Write out again, unchanged, the line that has "Citroen C1 1.0 VTi 72 JCC+ 5dr" and each following line through the end of the entries below; leave pictures out.

Short text fragments from websites
++++++++++

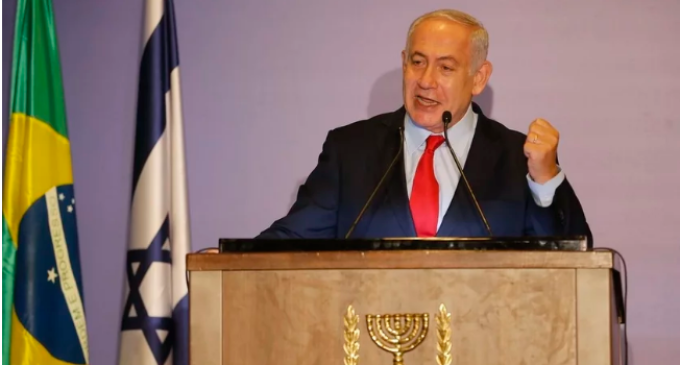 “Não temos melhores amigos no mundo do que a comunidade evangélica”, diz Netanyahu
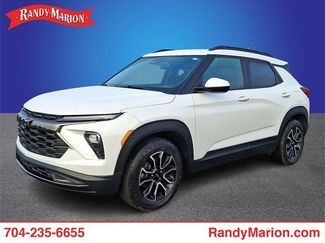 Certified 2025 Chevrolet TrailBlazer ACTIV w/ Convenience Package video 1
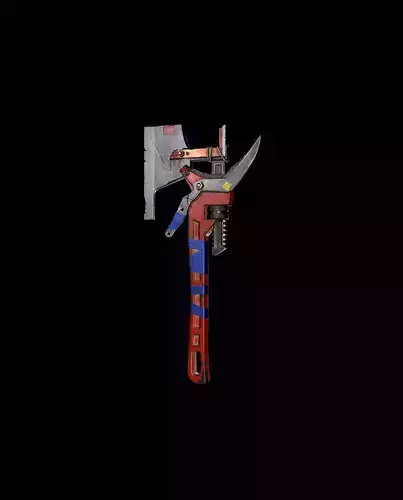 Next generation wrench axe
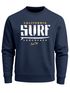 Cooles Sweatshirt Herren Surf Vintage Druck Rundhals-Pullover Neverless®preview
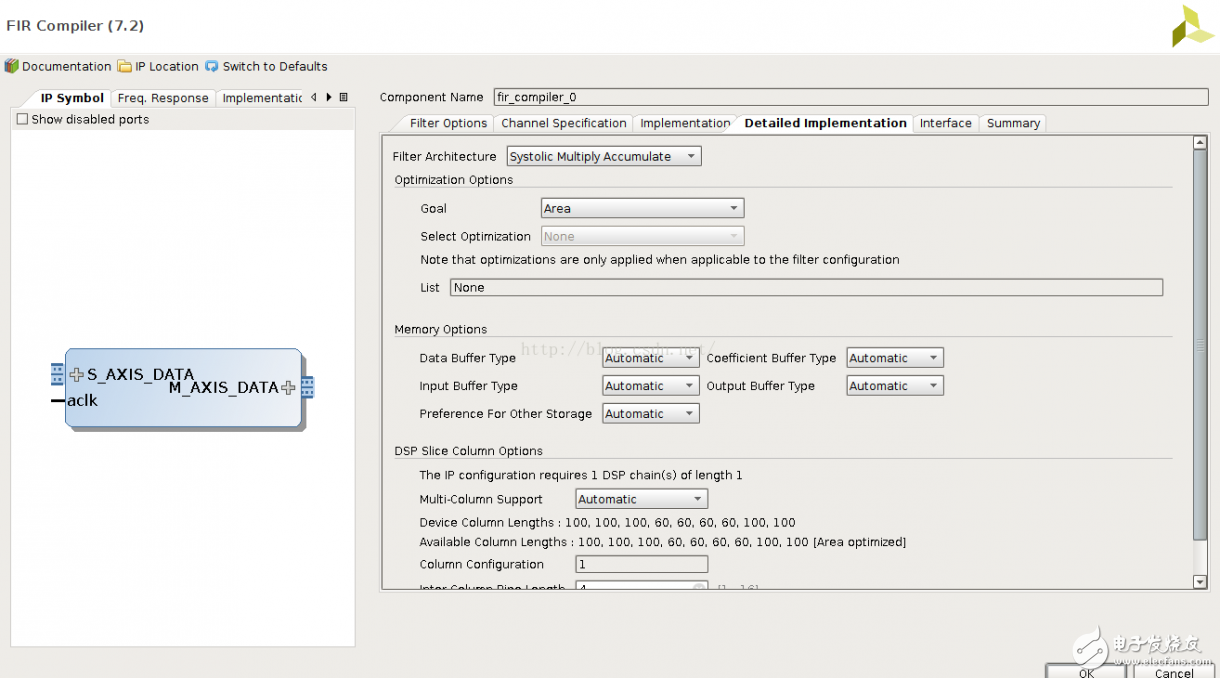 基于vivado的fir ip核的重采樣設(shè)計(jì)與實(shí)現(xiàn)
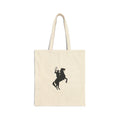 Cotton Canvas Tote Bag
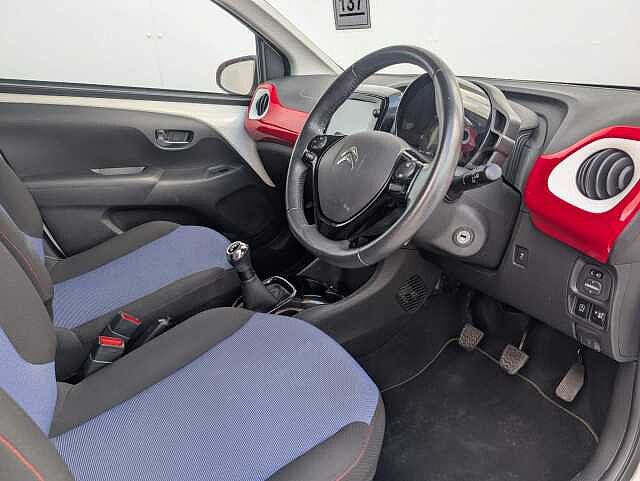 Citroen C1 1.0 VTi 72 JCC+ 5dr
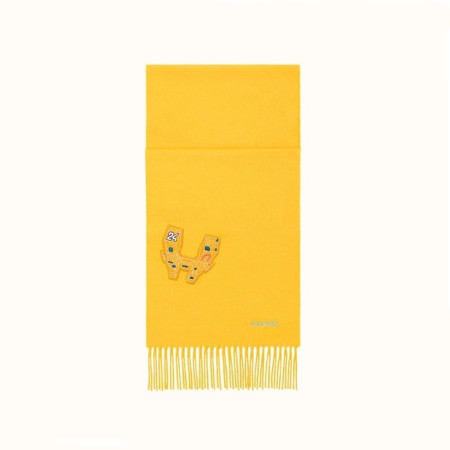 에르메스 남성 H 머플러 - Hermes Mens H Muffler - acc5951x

++++++++++

#### EXPECTED OUTPUT
 Citroen C1 1.0 VTi 72 JCC+ 5dr
 에르메스 남성 H 머플러 - Hermes Mens H Muffler - acc5951x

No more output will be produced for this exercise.